Along with being persistent innovators, tomorrow’s radiologists must work to establish themselves as imaging, information science and image-guided therapeutics experts who will play a vital role on healthcare teams, said Roderic I. Pettigrew, PhD, MD, in an opening session lecture on Sunday in Arie Crown Theater.
In his presentation, “Tomorrow’s Radiology,” Dr. Pettigrew, founding director of the National Institute of Biomedical Imaging and Bioengineering, stressed that the overall goal of today’s healthcare enterprise is to achieve healthy longevity — to be born healthy, acquire no significant disease and to reach the end of life without pain or suffering from disease.
“That bold vision requires technological innovation for earlier precision diagnostics and therapeutics,” Dr. Pettigrew said. “And tomorrow’s radiology will play a critical role in achieving this goal.
“We emphasize innovation because we realize that like imagination, there is no end to innovation,” Dr. Pettigrew said.
For example, he referred to Peter Basser, PhD, of the National Institutes of Health and a team of researchers who invented and developed MR diffusion-tensor imaging, which is now used to map the human connectome.
“His latest innovation actually quantifies neural conduction latency,” Dr. Pettigrew said. “This has the potential to offer new insights into some of our most challenging healthcare conditions in the brain, such as mental health and psychiatric illness.”
Dr. Pettigrew also discussed a 4-D motion compensation MRI technique that allows for the in-utero assessment of cerebral function.
“This technique is able to depict the functional neural network involved in inward thinking,” Dr. Pettigrew said. “This is the so-called ‘default’ mode network believed to be disturbed in autism and related to emotional development.”
A technique like this could allow for the evaluation of a number of factors related to development, ranging from something as simple as a person’s diet to the impact of listening to music, Dr. Pettigrew said.
Other areas in which imaging innovations have had a significant effect on health outcomes include the use of CT to evaluate the risk for coronary artery disease, mixed-reality MRI-guided planning for breast conserving surgery and the potential of MRI-ultrasound (US) in treating prostate cancer via focal laser ablation.
Radiologic Innovations Critical to the Future
Radiologists are also demonstrated innovators. For example, Dr.
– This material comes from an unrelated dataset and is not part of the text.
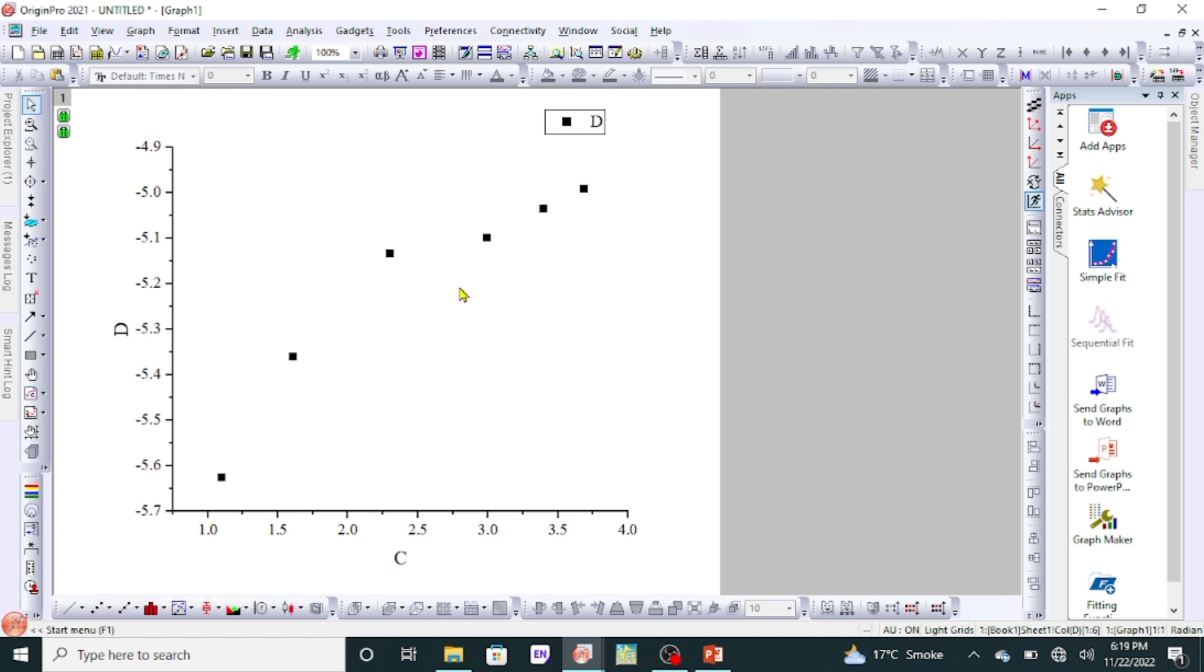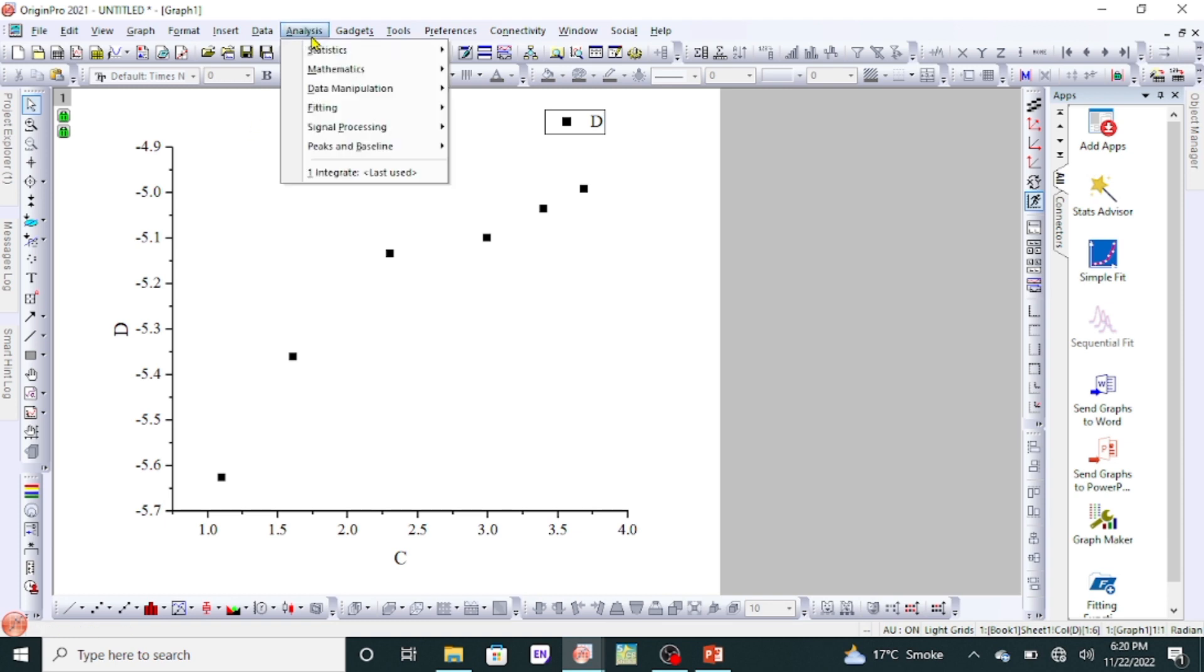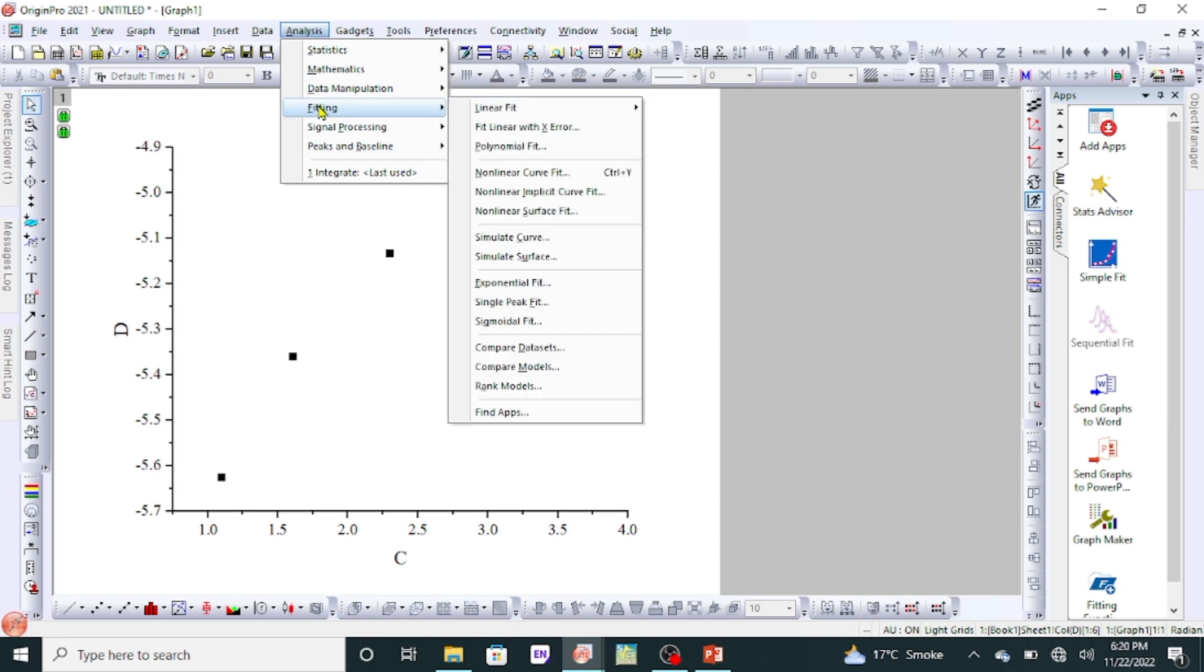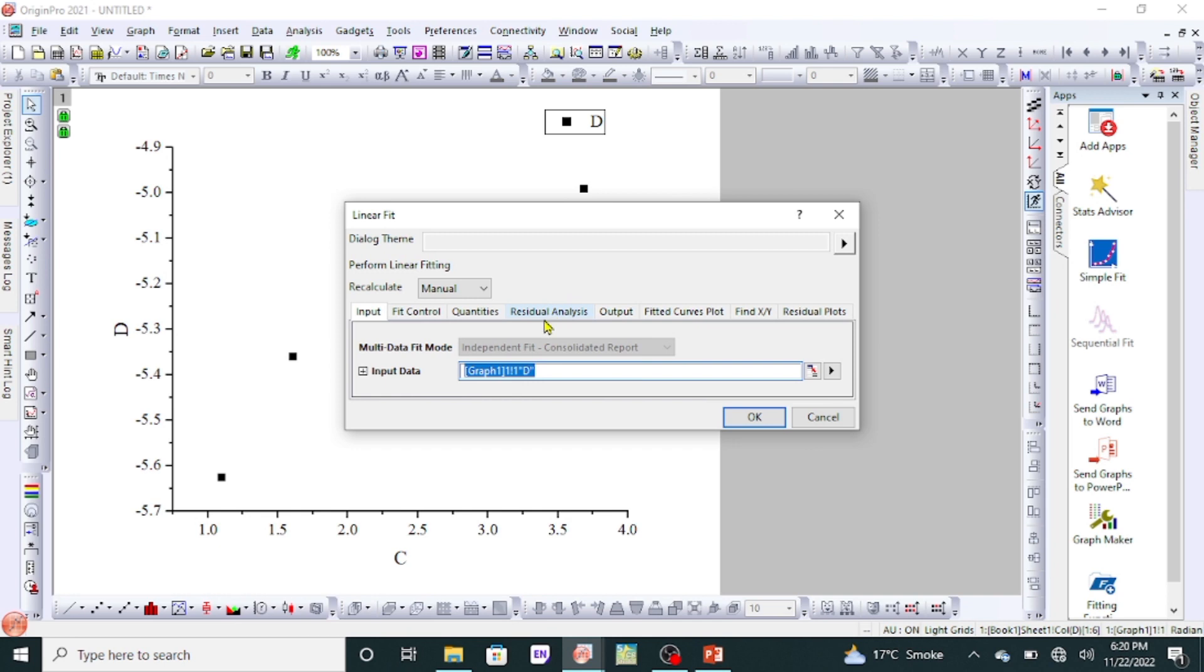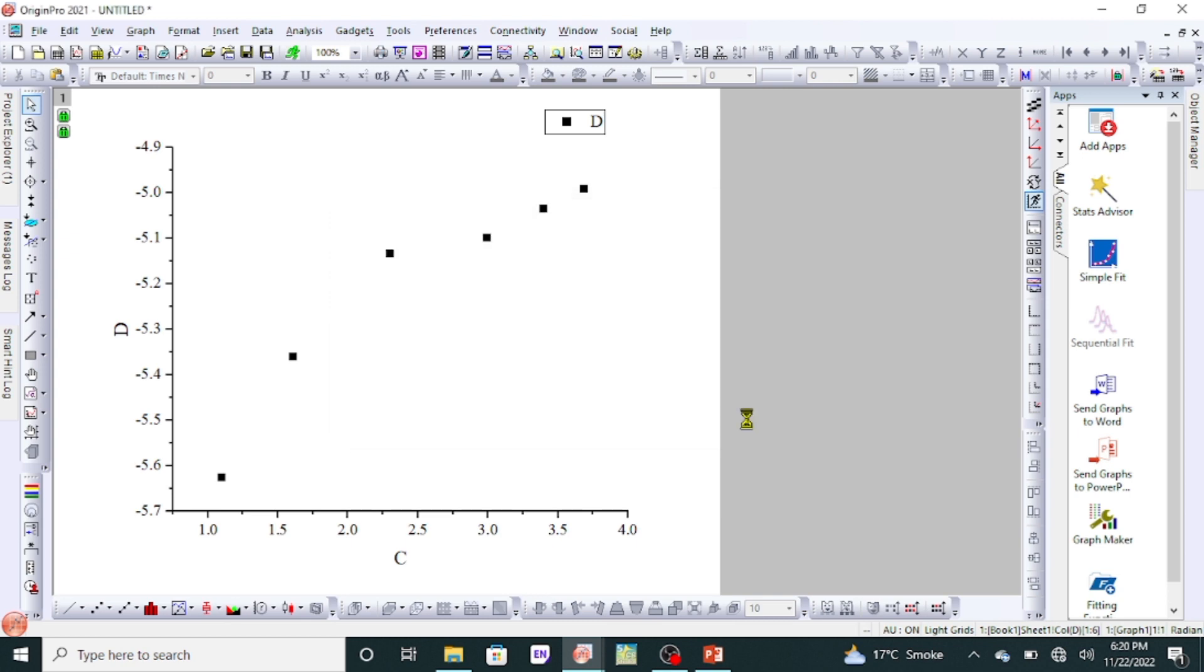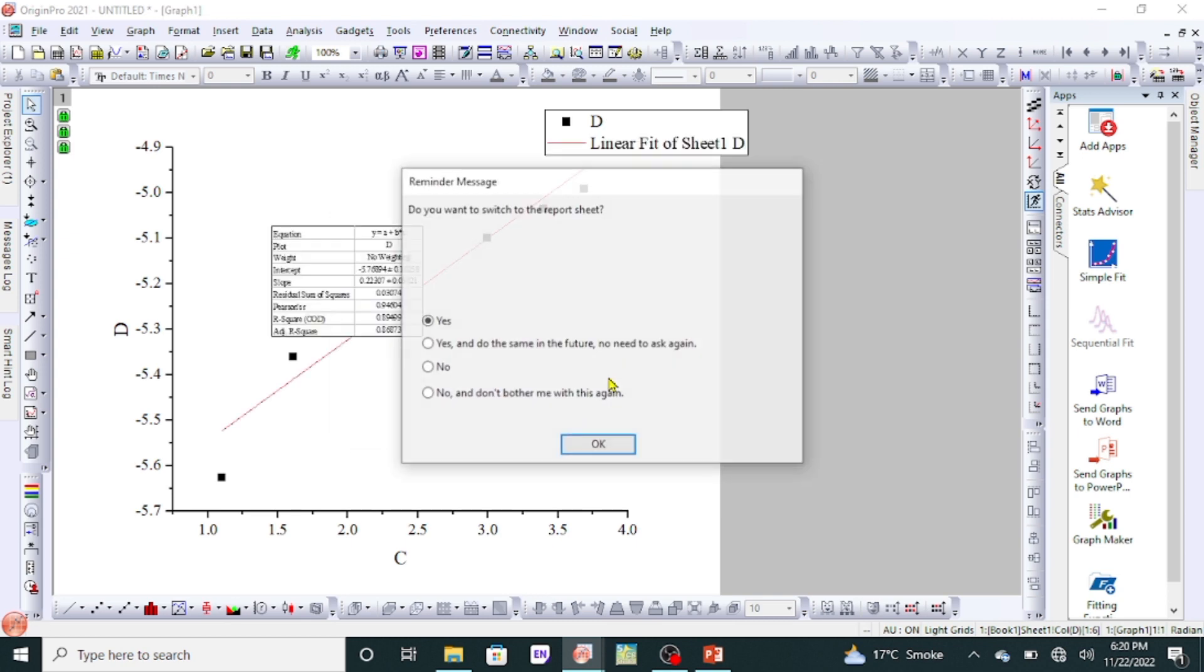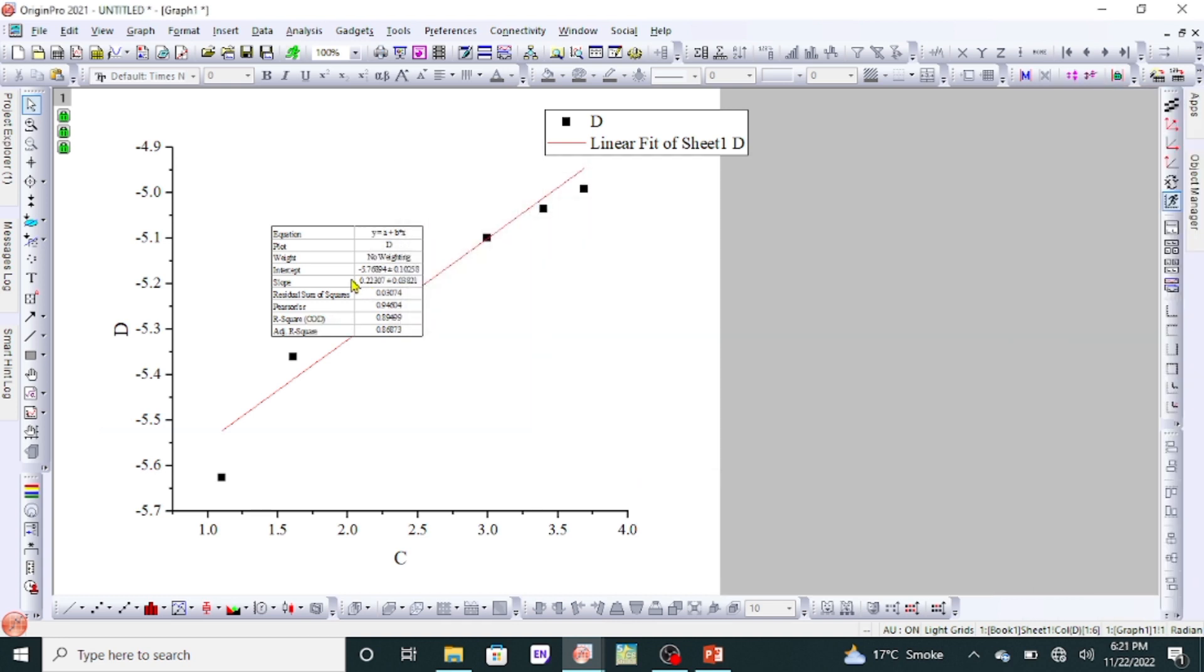Now what we have to do is go to Analysis, and then on Fitting, scroll down to Fitting and scroll down to Linear Fit, and then open dialogue. You will see this type of window. Click OK, and then again OK. Here is our slope value. You can see here the fourth row, you can see the value.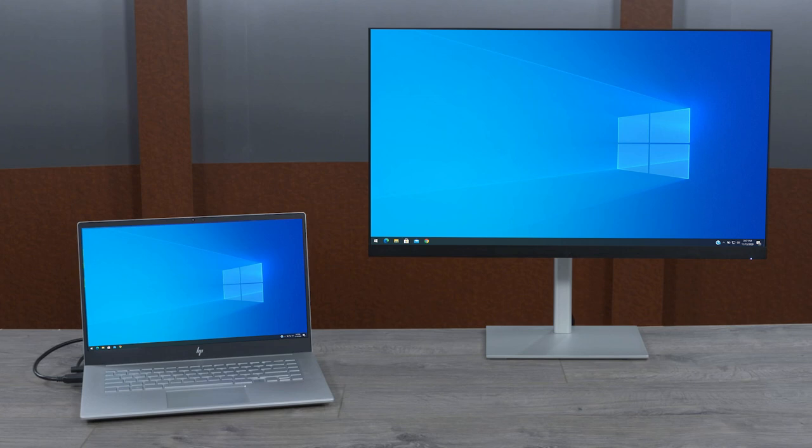The HP U28 4K HDR monitor offers these four additional creator-focused color presets and HDR compatibility to ensure that you are able to both create and consume your best content.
Pettigrew referred to a program at Massachusetts General Hospital, Boston, called the Radiology Consultation Clinic in which patients meet directly with radiologists to review images with the idea of getting them to take more responsibility for their own health and to follow their physicians’ advice.
“This is the kind of role and impact we can have,” Dr. Pettigrew said, adding that this type of innovation is directly tied to the role radiologists will play going forward — that of imaging and data science experts who are active members of the healthcare team.
This shift is demonstrated by some of the themes highlighted in recent Radiology articles, such as integrated diagnostics, radiomics, machine learning and artificial intelligence.
“The key message here is that modern imaging science is information and data science,” Dr. Pettigrew said. “Extracting the data from these images will improve the value proposition in imaging.”
And to do so, he added, tomorrow’s radiologists must follow a clear path.
“Radiologists must leverage the digital revolution, the state of hyperconnectivity we are in, big data science and artificial intelligence.”